Task objective -
Your output should be everything below from the line containing "2023 Land Rover" down to the line containing "Foto del paso", both ends included, copied exactly, with pictures left out.

Data for this exercise -
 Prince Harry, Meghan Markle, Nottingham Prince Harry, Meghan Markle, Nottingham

---

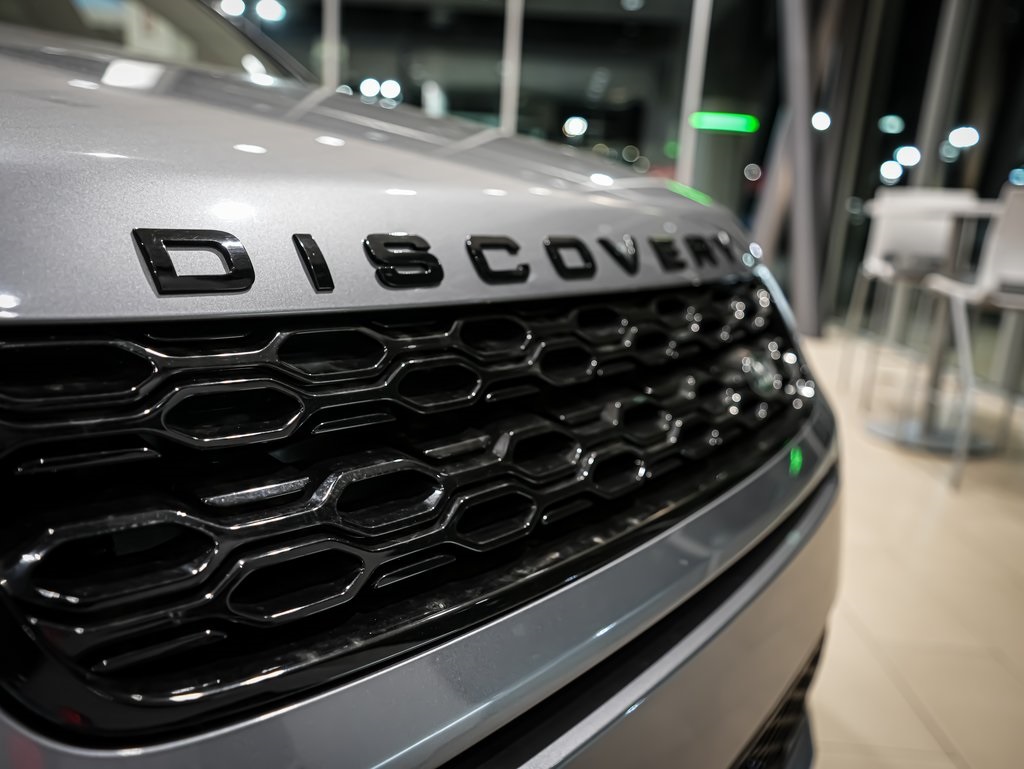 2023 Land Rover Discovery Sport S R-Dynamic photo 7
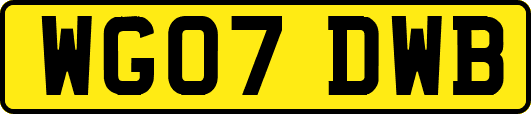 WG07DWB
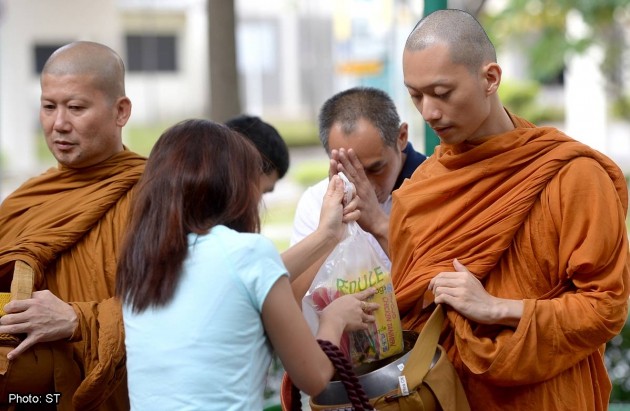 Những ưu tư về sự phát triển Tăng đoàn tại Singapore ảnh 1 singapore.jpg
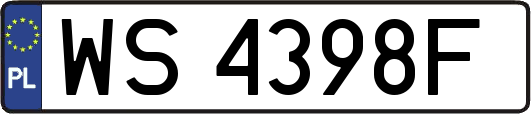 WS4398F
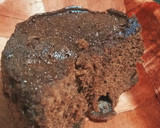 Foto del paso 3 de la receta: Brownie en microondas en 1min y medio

* * *

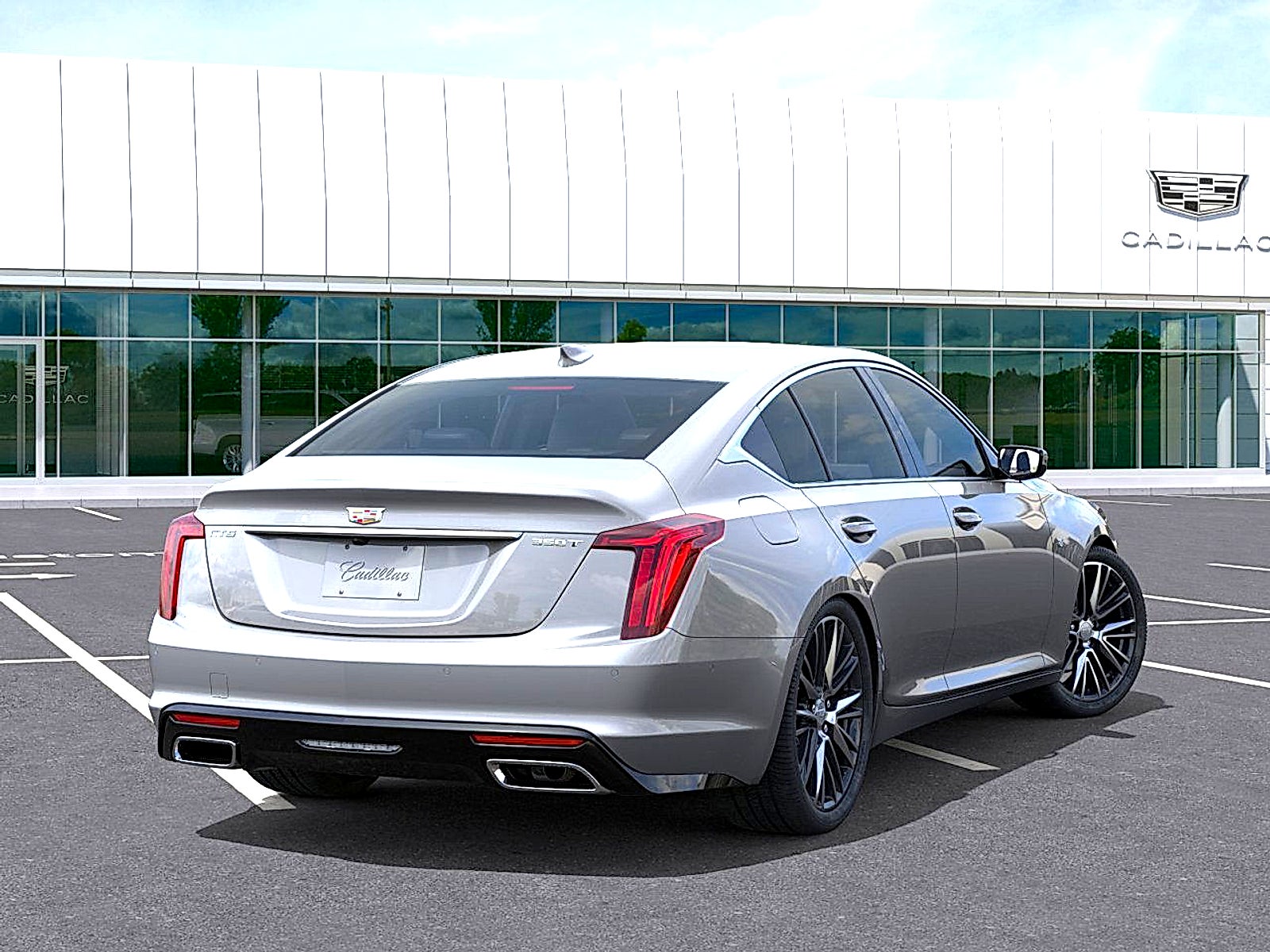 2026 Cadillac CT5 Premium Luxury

Response area -
 2023 Land Rover Discovery Sport S R-Dynamic photo 7
 WG07DWB
 Những ưu tư về sự phát triển Tăng đoàn tại Singapore ảnh 1 singapore.jpg
 WS4398F
 Foto del paso 3 de la receta: Brownie en microondas en 1min y medio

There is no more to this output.